Plan With a State Machine
Write control(obs) as a finite-state controller — SEEK, then ARRIVE, with an AVOID branch — and land the real MuJoCo rover on the green pad.
The idea, built visually.
Watch what your one rule does: it's perfect at 3 metres and disastrous at 10 centimetres. The exact command that gets you there — full speed, hard steer — is the command that flings you off the pad. No single law is right everywhere.
So stop asking one rule to do everything. Give each job its own room. In SEEK you only sprint and aim. In ARRIVE you only ease in — forward speed shrinks as goal_dist shrinks, so you coast to a stop on the pad instead of through it. And if a wall fills the rangefinder, AVOID takes over and pivots. Each mode is trivially simple because it has exactly one job. The intelligence isn't inside any room — it's in the doors: when goal_dist drops below half a metre, SEEK hands off to ARRIVE.
▣ Stage animation: One control law drawn as a single arrow that nails a far target then whips into a tight orbit around the green pad, ring counter climbing; the law splits into three labelled nodes SEEK / ARRIVE / AVOID, each holding one short line; directed arrows appear between them tagged with the trigger reads (goal_dist < 0.5 -> ARRIVE, range < 0.35 -> AVOID); ARRIVE's forward term visibly tapers as the rover glides onto the pad and the trajectory dot stops dead inside the circle.
Build it up, step by step.
Step A (worked): read d=obs['goal_dist'], b=obs['goal_bearing'], rng=obs['range'] at the top of control(obs) — these three reads pick the mode.
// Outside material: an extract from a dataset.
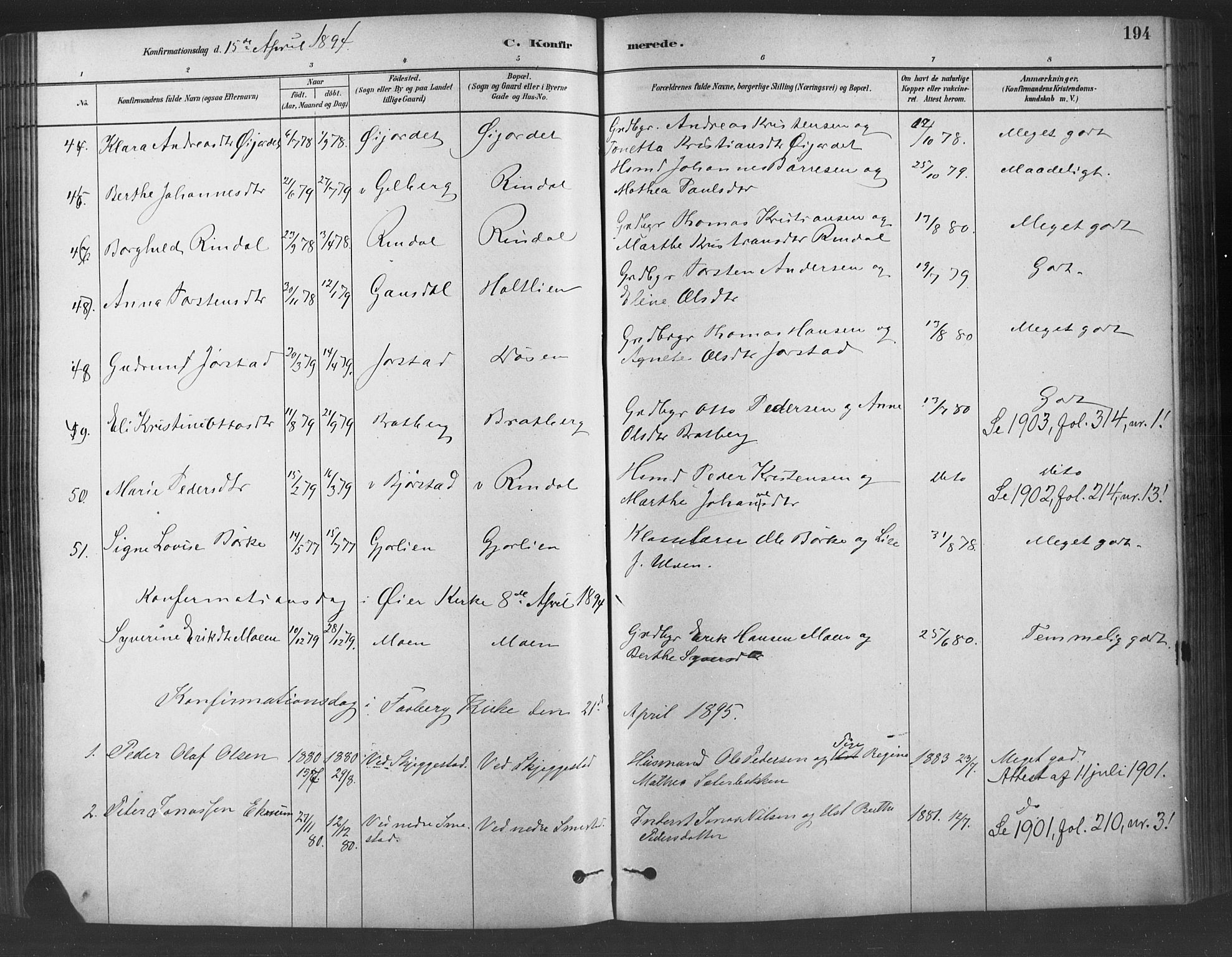 Fåberg prestekontor, SAH/PREST-086/H/Ha/Haa/L0009: Parish register (official) no. 9, 1879-1898, p. 194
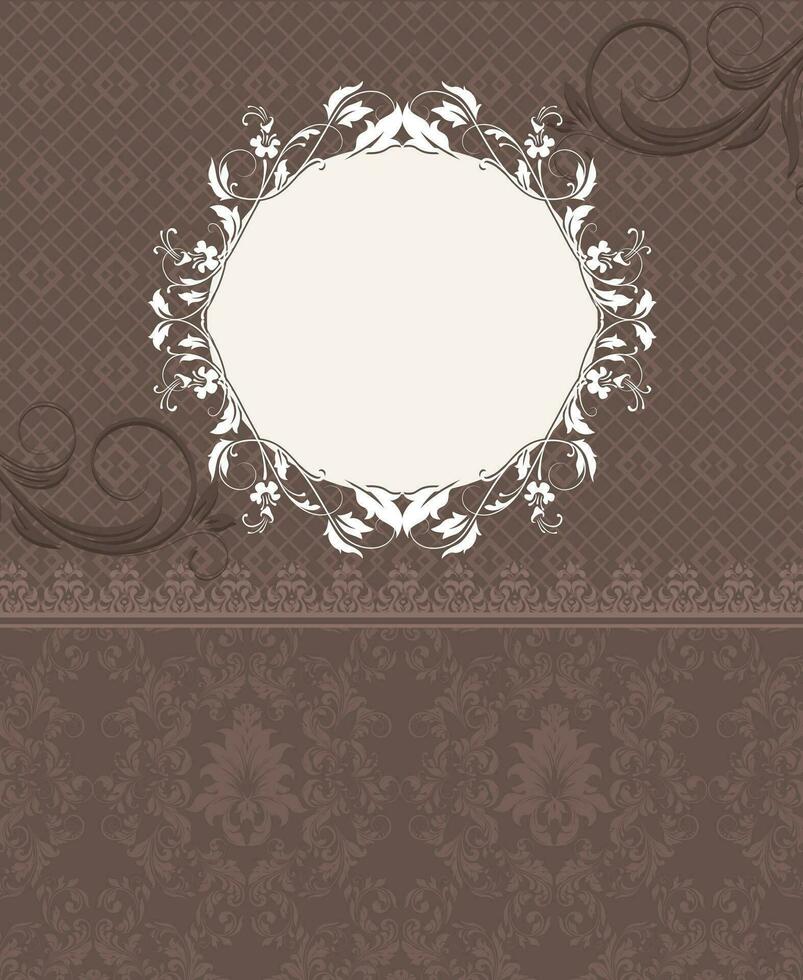 Vintage invitation card with ornate elegant retro abstract floral design vector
Step B (fill-the-blank): write the SEEK branch (forward=0.6, turn=1.2b, return (forward-turn, forward+turn)) and the door to ARRIVE (when goal_dist < ~0.5). Step C (independent): write ARRIVE so forward tapers with distance (forward = kd) and it settles inside tol, and add the AVOID branch (pivot in place when 0 < range < ~0.35). Remember positive goal_bearing means the goal is to your LEFT.
How the Bench grades your run.
PASS WHEN Rover drives onto the goal pad and comes within tol (0.12 m) inside the time budget, using a finite-state controller whose mode is chosen from goal_dist (and range), with an ARRIVE mode that eases forward to settle on the pad.
- FAIL: closest approach is far from the pad — your steering sign is off. Positive goal_bearing means the goal is to your LEFT, so increase the right wheel and decrease the left.
- FAIL: you reach the pad's neighbourhood but never settle inside tol — a single full-speed SEEK orbits the circle. Add an ARRIVE mode that scales forward with goal_dist (forward = k * goal_dist) so it coasts to a stop on the pad.
- FAIL: stalled or drove into the wall — gate an AVOID mode on 0 < obs['range'] < ~0.35 that pivots in place (return (-turn, turn)) instead of driving forward.
Bring back what you've already mastered.
- From 2.2: ARRIVE reuses the same steering term but scales forward speed down near the goal — is that the P, I, or D idea? (Proportional: command proportional to remaining distance.)
- From 2.1: why read goal_dist and range once at the top of control(obs) and branch on them? (They are the SENSE/PERCEIVE values; the mode switch lives in DECIDE.)
- From Module 1: map SEEK, ARRIVE, AVOID onto SENSE->PERCEIVE->DECIDE->ACT — each mode runs the whole loop; the state machine lives in DECIDE.
What you must demonstrate to advance.
Module 2 tier gate: drive the real MuJoCo rover onto the goal pad within tol (0.12 m) inside the time budget, using a finite-state control(obs) that switches SEEK -> ARRIVE on goal_dist (with an AVOID branch on range) and eases forward to settle rather than orbit (L2 classical DECIDE competency).
How this feeds your build.
This finite-state control(obs) is the DECIDE layer of the capstone autonomy stack: it calls the 2.2 PID per mode, hands SEEK/ARRIVE off to the learned navigation of Module 3 in 5.1, and gets re-implemented on a timer in Module 4 / profiled to the metal in Module 5.